The exhibition will be on display from December 13, 2019 to February 20, 2020 at the Galerie ISA, Mumbai, India.
Idris Khan, The Calm is but a Wall, 2019
Galerie ISA is presenting the series of works created by London-based artist couple Idris Khan and Annie Morris inspired by the colour blue. The artists are particularly engaged with colour and with how their various mediums transpose and transform according to the tone, hue, intensity and variety of pigment they are employing. The result is that adhering to the exploration of this evocative colour has become all encapsulating.
Annie Morris, Stack 7, Ultramarine Blue Dark, 2019
For both artists, this exhibition has presented a unique challenge. For Khan it affords him the opportunity to expand upon the works he made for his recent New York show, ‘Blue Rhythms’, where he presented a series of photographic prints and wall-mounted reliefs of graphic pieces dominated by the colour blue. In that show and in this, Khan uses the intensity of the colour blue in order to create and play with narratives.
Idris Khan, The Old Tune, 2019
Morris’ work, on the other hand, have a joyful, playful fecundity that perfectly balances Khan’s practice. Her totem-like stack sculptures of variously sized vividly coloured balls of pigment have rightly been described as ‘stacks of joy’. Yet Morris’s personal journey towards this body of work was born out of the pain of losing a baby. Stricken with grief, she took solace in her studio, making these round, egg like forms, first in drawings, until they took shape in plaster and pigment. Her take on the phallic totem is a decidedly feminine one, and a celebratory one too - reaching towards the sky in a joyful way but in a manner that doesn’t detract from the fragile nature of the uniquely placed combination of balls.
Annie Morris, Stack 9, Cadmium Red, 2019
In a country such as India where the scent of spices, riots of colour and a cacophony of sound assault the senses on a daily basis, it is not so hard to imagine how the rich hue of indigo might trigger an olfactory memory as well as absorbing the eye. In the brilliant light of Bombay, a rich blue on glass can sparkle like the most brilliant sapphire, and the result is enchanting. For this show at Galerie ISA, Khan has created something very special. An indigo coloured glass painting, which at 2x2.5m, is the largest scale piece the artist has produced to date in this medium. Striking a counter-balancing note of contemplation, Khan’s musical palimpsests take on a mesmeric quality in the context of an arena that allows for and encourages the repetition of hypnotic sounds.
Idris Khan, 2019
Annie Morris has focused on creating a stack in one colour - in this case echoing the rich intensity of Yvette Klein’s blue or the deep hue of Paul Sinoir’s Cubist villa in the midst of Marrakech’s Majorelle gardens. Morris has always been drawn by colour and the psychologically affecting nature of different pigments, but she has also always been fascinated by the line. Indeed the line is something that has always underpinned her practice - be it in the form of drawings, tapestries or even in metal where, taking the lead from abstract expressionist sculptors such as David Smith, Morris has used the bold and simple nature of metal to create shapes which outline and frame the embodiment of the fecund female body.
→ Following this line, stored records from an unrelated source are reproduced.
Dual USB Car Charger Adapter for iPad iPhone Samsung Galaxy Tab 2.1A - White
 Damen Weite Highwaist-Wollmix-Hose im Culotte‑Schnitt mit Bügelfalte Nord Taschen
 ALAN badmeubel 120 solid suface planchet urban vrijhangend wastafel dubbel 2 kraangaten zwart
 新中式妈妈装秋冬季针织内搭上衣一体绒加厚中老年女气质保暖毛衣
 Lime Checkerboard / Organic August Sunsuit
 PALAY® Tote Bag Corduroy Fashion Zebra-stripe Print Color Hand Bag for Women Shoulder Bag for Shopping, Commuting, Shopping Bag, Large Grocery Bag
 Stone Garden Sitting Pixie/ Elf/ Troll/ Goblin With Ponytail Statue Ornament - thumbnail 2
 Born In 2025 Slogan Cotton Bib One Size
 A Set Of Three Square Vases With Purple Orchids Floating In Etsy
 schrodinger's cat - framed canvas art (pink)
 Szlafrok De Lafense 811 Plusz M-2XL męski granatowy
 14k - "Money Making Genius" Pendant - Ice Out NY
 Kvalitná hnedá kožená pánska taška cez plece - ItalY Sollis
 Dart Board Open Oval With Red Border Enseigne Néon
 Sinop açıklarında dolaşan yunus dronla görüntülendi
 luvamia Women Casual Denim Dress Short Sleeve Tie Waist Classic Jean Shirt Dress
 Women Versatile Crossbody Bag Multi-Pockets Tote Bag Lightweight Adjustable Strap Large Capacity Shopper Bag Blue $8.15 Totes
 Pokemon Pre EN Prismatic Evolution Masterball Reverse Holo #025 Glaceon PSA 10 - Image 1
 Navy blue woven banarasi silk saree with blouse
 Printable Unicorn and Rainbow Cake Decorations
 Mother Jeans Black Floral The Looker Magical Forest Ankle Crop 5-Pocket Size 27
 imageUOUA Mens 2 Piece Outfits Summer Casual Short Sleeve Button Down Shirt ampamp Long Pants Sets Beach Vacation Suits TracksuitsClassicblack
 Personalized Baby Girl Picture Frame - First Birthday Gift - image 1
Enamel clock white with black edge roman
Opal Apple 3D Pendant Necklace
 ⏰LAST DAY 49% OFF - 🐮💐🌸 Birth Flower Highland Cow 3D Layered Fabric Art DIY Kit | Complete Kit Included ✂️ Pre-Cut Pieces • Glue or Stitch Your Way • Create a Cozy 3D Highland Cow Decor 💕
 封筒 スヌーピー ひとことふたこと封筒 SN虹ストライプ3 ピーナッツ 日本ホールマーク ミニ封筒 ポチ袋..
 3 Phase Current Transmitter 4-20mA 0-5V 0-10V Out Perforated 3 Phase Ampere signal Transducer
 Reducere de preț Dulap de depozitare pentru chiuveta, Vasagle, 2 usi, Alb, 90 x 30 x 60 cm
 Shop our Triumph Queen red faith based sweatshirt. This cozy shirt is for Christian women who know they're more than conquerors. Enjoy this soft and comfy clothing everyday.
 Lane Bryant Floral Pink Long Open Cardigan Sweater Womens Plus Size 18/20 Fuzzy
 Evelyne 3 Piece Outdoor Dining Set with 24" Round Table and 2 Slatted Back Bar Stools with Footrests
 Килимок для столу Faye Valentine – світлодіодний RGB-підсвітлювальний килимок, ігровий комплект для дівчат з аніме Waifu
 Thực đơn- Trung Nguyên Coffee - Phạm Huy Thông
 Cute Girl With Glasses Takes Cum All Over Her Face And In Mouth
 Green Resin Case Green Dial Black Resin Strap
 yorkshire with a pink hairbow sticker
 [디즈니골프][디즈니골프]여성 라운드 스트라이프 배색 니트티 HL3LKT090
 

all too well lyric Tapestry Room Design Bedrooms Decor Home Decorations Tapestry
Annie Morris, Stack 8, Ultramarine Blue, 2019
Back in London, Khan and Morris share a space which is divided into two separate studios but joined by a communal area. This exhibition provides a rare and privileged insight into how these two distinctly different artists think and work, but also how their separate practices engage with and inspire the other. For Khan and Morris, it is as important to consider the role of the invisible as well as visible. It is the presence of the shadow, the reverberations of colour, sound and memory that persist and can transform our understanding of art, as much as a direct physical encounter with a bold image that engage them. In a sense both artists are working towards the sublime but from their own unique perspectives. Where they cross over is both a point of entry for this exhibition and an embarkation towards a deeper engagement with colour and with our sensorial reading of art and human experience.